Evaluating the quality of predictive uncertainties is challenging as "ground truth" uncertainty is usually not available. Yet, model's confidence about its estimation is often of interest for researchers. If the model can tell "what it knows" or what is "out of distribution", such infomation gives insights about when the researchers should take the point estimates as their face values.
Dropout as a Bayesian Approximation: Representing Model Uncertainty in Deep Learning recently proposed using Monte Carlo dropout to estimate predictive uncertainty by using Dropout at test time. Most of the recent work on uncertainty in deep learning is in this line. I study MC dropout method for evaluating model's confidence in Measure the uncertainty in deep learning models using dropout. I found that this MC dropout method requires the model to restrict the choice of network structures even for modeling simple data; activation functions seem to have to be relu and we seem to need to have quite a few dropout layers.
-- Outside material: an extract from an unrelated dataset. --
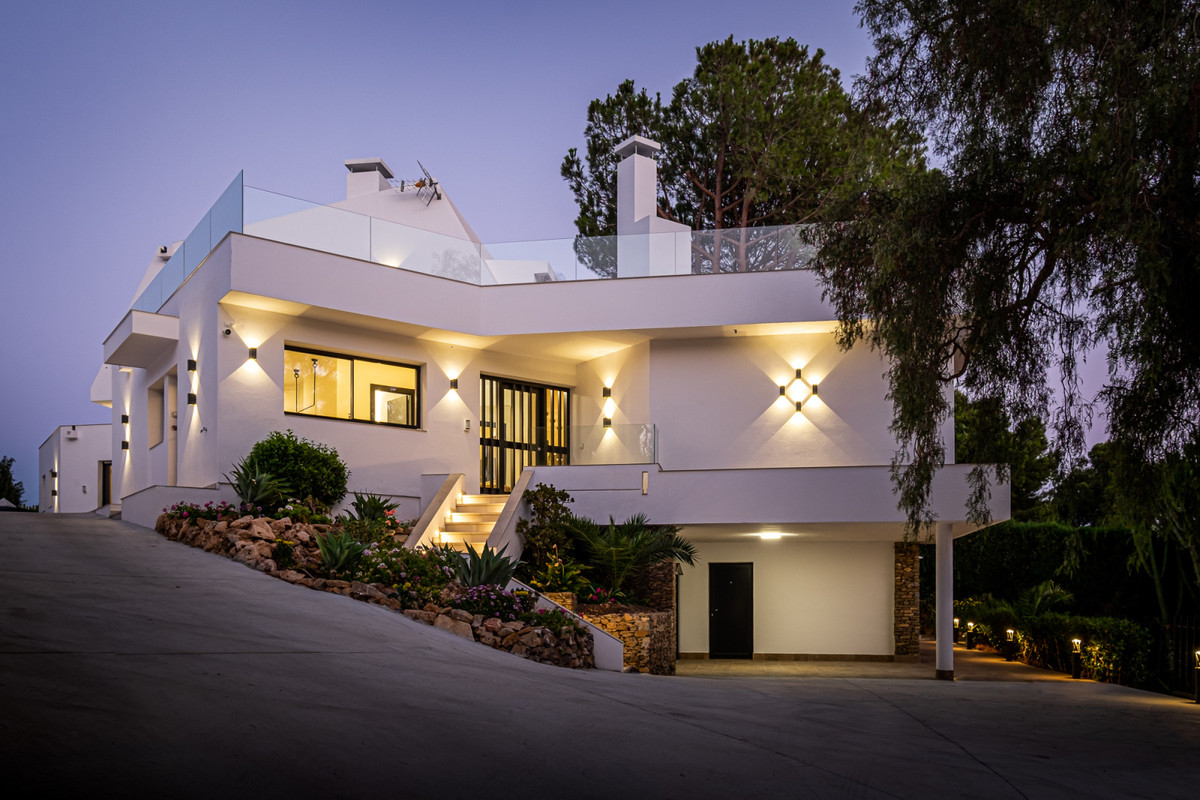 6 Bed Townhouse for sale in Sierrezuela Costa Del Sol, Málaga, Spain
I recently found a new paper Simple and Scalable Predictive Uncertainty Estimation using Deep Ensembles in this line of uncertainty research. Their methods do not take Bayesian approaches and it has a lot of similarity with the maximum likelihood approach.
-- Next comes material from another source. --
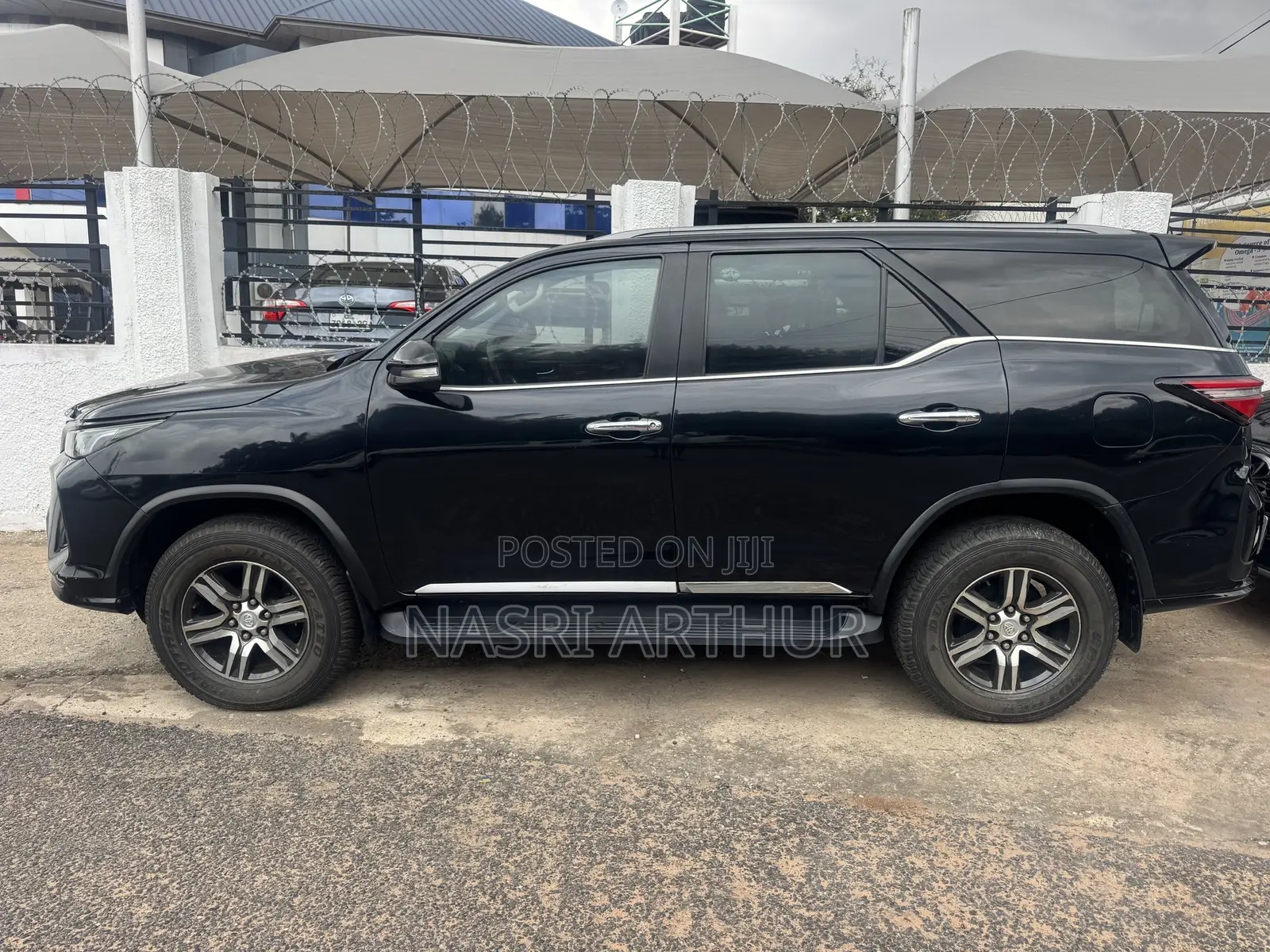 Toyota Fortuner 2.5 D AWD 2024 Black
In this blog post, I will review this new method.
Model
The approach assumes that given available input $X$, the target has a normal distribution with mean and variance dependent on the values of $X$: $$ Y | X \overset{i.i.d.}{\sim} N \left(\mu_m (X) , \sigma_m^2(X) \right) $$ Here, $\mu_m (X)$ and $\sigma_m^2(X)$ are modelled non-linearly using neural network. Then the maximum likelihood methods are used to estimate unknown parameters $\mu_m (X)$, $\sigma_m^2(X)$.In practice, estimates become more accurate if $M$ models are ensembled together. Therefore, Simple and Scalable Predictive Uncertainty Estimation using Deep Ensembles also proposed to use the ensemble model for prediction. This essentially means that you are assuming that conditional distribution of $Y$ to be from the mixture: $$ Y \left| X \right. \sim \frac{1}{M}\sum_{m=1}^M N \left(\mu_m (X) , \sigma_m^2(X) \right) $$
Under this ensemble model structure, mean $\mu_{*} (X)$ and variance $\sigma_{*}^2(X)$ of the marginal distribution can be calcualted as:
\begin{array}{rcll} \mu_{*} (X) &=& \frac{1}{M}\sum_{m=1}^M \mu_m (X)\\ \sigma_{*}^2 (X) &=& \frac{1}{M} \sum_{m=1}^M \left( \sigma_m^2(X) + \mu_m (X)^2 \right) - \mu_{*} (X)^2\\ \end{array}
These are because: \begin{array}{rcll} \mu_{*} (X) & := & E(Y)\\ &=& \sum_{m=1}^M E(Y|m) \\ &=& \frac{1}{M}\sum_{m=1}^M \mu_m (X)\\ \sigma_{*}^2 (X) &:=& Var(Y) \\ &=& E_m(Var(Y|m)) + Var_m(E(Y|m)) \\ &=& \frac{1}{M}\sum_{m=1}^M \sigma_m^2(X) + Var_m \left( \mu_m (X) \right)\\ \textrm{ where } Var_m \left( \mu_m (X) \right) &=& E_m \left( \mu_m (X)^2 \right) - E_m \left( \mu_m (X) \right)^2\\ &=& \frac{1}{M} \sum_{m=1}^M \mu_m (X)^2 - \left( \frac{1}{M}\sum_{m=1}^M \mu_m (X) \right)^2\\ &=& \frac{1}{M} \sum_{m=1}^M \mu_m (X)^2 - \mu_{*} (X)^2 \end{array} See Wikipedia if you get lost dividing variance into its components.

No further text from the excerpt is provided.